Шрифт:
Интервал:
Закладка:
Конечно, здесь не место добиваться беспристрастной оценки работы Секции V во время войны. Вероятно, правильную и объективную оценку дать вообще невозможно. Даже если в реестре до сих пор хранятся соответствующие папки и дела, по ним можно составить лишь фрагментированную картину того, что было достигнуто, но невозможно определить относительную важность того или иного эпизода. У нас так и не нашлось времени, чтобы написать нашу собственную историю — ни по ходу работы, ни в самом конце. Правда, подсекции составляли месячные доклады, но, поскольку в них никак не маскировались исходные ISOS, они не направлялись в реестр и, вероятнее всего, были уничтожены. Широкие сферы деятельности — это теперь, видимо, уже не более чем просто воспоминания в умах стареющих людей, как я. Но думаю, вполне справедливый вердикт звучал бы так: Секция V добилась значительных успехов, особенно в реализации основной задачи — борьбе с противником на местах. Если я как-то потворствовал тому, чтобы создать впечатление, будто наш отдел был гнездом интриг, то поспешу исправить эту ошибку: за единственным исключением маневров Кима, направленных против Феликса Каугилла — что само по себе прошло бы незамеченным в любом университетском колледже или городском зале заседаний, — никаких особых интриг не было. Другое распространенное заблуждение, которое я хотел бы исправить, заключается в том, что Секция V и МИ-5 якобы всегда боролись друг с другом, в ущерб общему делу; на самом же деле, за исключением кое-какого соперничества на самом верхнем уровне, обычные рабочие отношения были чрезвычайно хорошими. Роберт Сесил, к моему нескрываемому удовольствию, считает, что «поразительный успех британской контрразведки во время войны стал в основном результатом тесного сотрудничества СИС и МИ-5».
Я уже говорил, что именно Феликс Каугилл сделал, чтобы укрепить значимость и престиж Секции V; но качеством работы наш отдел, вероятно, больше обязан все-таки Киму Филби, чем кому-либо еще. На бумаге он был восхитительно краток и ясен и всем нам подавал в этом пример; он всегда стремился досконально вникнуть в соответствующие дела и корреспонденцию; и с его мнением в вопросах разведки почти всегда нужно было считаться. В наших отношениях с МИ-5 и другими отделами ему, больше чем кому-либо другому, удавалось нейтрализовать возможные вредные побочные эффекты одиноких сражений Каугилла и заслужить доверие, из которого пользу извлекали все остальные. О том, чего он добился для Секции V за те три года, не стоит забывать даже теперь, когда мы знаем его реальные мотивы и главную движущую силу.
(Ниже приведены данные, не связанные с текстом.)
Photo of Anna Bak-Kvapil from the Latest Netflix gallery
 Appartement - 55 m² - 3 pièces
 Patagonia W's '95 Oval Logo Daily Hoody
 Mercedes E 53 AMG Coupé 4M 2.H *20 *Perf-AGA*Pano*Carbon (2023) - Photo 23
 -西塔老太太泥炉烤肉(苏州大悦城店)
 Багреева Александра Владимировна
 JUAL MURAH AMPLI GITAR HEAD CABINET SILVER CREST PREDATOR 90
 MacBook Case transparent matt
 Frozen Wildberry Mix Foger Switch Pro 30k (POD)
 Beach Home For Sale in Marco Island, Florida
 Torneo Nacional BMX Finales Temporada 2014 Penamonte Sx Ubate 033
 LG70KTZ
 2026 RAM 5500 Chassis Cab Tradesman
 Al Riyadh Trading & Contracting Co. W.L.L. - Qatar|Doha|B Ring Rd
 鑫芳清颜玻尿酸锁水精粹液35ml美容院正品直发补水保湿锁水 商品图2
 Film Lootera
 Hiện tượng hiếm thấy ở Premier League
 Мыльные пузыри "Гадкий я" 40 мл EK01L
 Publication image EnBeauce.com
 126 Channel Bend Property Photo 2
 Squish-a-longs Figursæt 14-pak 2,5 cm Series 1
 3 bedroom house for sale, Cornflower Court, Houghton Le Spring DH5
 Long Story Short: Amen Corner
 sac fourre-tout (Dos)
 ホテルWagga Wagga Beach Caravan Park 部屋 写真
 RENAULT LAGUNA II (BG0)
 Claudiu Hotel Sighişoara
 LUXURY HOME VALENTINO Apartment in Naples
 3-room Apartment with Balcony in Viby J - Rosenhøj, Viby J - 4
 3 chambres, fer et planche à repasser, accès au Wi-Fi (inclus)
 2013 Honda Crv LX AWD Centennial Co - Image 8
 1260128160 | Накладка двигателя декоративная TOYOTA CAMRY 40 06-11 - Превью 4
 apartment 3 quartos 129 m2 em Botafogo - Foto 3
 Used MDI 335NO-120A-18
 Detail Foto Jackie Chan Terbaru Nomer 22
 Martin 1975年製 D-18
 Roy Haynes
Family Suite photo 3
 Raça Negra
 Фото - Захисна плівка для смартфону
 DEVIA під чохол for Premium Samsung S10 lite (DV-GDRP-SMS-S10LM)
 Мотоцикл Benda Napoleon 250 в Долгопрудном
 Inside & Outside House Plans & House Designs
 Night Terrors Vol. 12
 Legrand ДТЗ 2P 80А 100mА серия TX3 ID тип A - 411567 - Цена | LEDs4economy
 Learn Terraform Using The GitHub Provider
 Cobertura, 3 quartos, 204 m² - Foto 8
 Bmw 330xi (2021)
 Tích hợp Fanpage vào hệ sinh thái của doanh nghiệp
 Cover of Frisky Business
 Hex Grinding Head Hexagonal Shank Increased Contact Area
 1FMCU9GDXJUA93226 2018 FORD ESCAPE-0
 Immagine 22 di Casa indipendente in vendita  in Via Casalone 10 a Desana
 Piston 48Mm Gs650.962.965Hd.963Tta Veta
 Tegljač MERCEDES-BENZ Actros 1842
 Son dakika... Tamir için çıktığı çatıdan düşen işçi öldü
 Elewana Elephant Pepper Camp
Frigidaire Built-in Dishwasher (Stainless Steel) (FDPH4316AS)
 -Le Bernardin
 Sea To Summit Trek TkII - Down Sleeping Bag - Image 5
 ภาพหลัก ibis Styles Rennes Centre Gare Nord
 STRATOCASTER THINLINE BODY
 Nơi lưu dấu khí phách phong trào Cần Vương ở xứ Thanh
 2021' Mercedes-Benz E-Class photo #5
Ближе к концу 1945 года наша деятельность на Райдерстрит была фактически свернута, и я чувствовал, что пришло время искать себе новое место работы. К настоящему времени я знал, что могу себе подобрать что-нибудь подходящее, хотя у меня не было никакого желания поступать в Секцию IX. После демобилизации я бы, возможно, вернулся в Benson’s, но обед с управляющим директором показал, что лучшее, что они могут мне предложить в тот весьма неопределенный для рекламной профессии период, — это лишь две трети моей нынешней зарплаты. Поэтому я отклонил их предложение. Вероятно, я также упустил единственный шанс в жизни сделать по-настоящему большие деньги, вместо того чтобы просто заработать средства к существованию…
В конце декабря я перешел из Секции V в Бродвей11. Мой бывший отдел на Райдер-стрит функционировал еще какое-то время в прежнем виде, после чего был передан в ведение Секции IX или скорее ее секции-преемнику, под начало Кима Филби. Моя новая должность, хотя и без прежних широких полномочий, все же была в достаточной степени руководящей. Дел хватало, но, наверное, впервые более чем за четыре года уже не возникало потребности работать допоздна. Тем временем над Кимом Филби, по-видимому, потихоньку начали сгущаться тучи. Пока, правда, тучами это назвать было нельзя, скорее парочка мелких облаков на горизонте…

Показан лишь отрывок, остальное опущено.